AITA for choosing to elope with my partner instead of having a big wedding?


I (25F) have been with my fiancé, Ben (28M), for three years. Our relationship has always been easygoing, and we’ve built a solid foundation together. We’re both passionate about travel and have spent a lot of our relationship exploring new places and creating unforgettable memories. When we got engaged last year, we knew we wanted a wedding, but we also knew we didn’t want to have a traditional, lavish event.

From the moment we announced our engagement, both of our families started pushing us to have the “dream wedding.” My parents and Ben’s parents are both pretty traditional, and they had ideas of their own about what the wedding should look like. They envisioned a huge event—hundreds of guests, elaborate décor, expensive venues, and all the frills that come with a big, traditional wedding. At first, we tried to go along with their ideas, even though neither of us was truly excited about the thought of a massive celebration.

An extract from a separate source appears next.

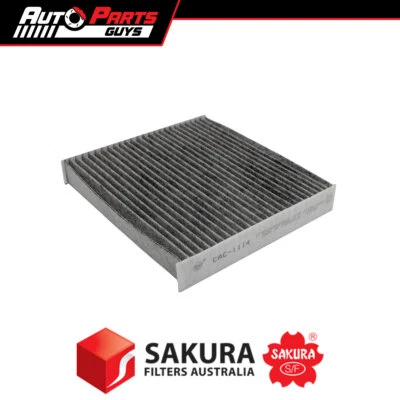 Sakura Cabin Air Pollen Filter RCA164P fits Toyota Camry ASV50R 2011 - 2017 - image 1 of 3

The more we thought about it, the more we realized that what we really wanted was to be married in an intimate, meaningful way. We didn’t want to go into debt just to please our families. What we really wanted was a small, private ceremony, maybe on a beach or in a beautiful foreign city. Just the two of us, maybe a few close friends, and the person who’d marry us. A moment that was truly ours, without all the stress and pressure of a big, expensive wedding.

We had a conversation with our families, but they were not happy. They felt hurt that we didn’t want the wedding they had imagined for us. They told us that we were being selfish for choosing our own happiness over their dreams for us. They said we were “ruining the family tradition” and even guilted us by saying that we would be disappointing everyone by eloping.

Despite the backlash, we stuck to our decision. We eloped in a small, beautiful ceremony in the countryside, with just a few close friends who supported our decision. It was everything we had dreamed of—quiet, peaceful, and so full of love.

When we told our families afterward, they were furious. Some refused to speak to us for a while, and others expressed their discontent in other ways. We received a lot of judgment, and even our friends were divided. Some thought we did the right thing, while others criticized us for not honoring family expectations.

Now, I’m wondering if I was wrong. I love my partner, and this was our decision, but did we overstep by going against our families’ wishes? AITA for eloping instead of having the big wedding my parents and Ben’s family wanted?